#### [What the task asks]
Reproduce every line of the listing below exactly.

#### [Data excerpt]
==*==

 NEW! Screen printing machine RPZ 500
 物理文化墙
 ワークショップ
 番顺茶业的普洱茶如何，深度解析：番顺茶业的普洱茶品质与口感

==*==

#### [Exercise result]
 NEW! Screen printing machine RPZ 500
 物理文化墙
 ワークショップ
 番顺茶业的普洱茶如何，深度解析：番顺茶业的普洱茶品质与口感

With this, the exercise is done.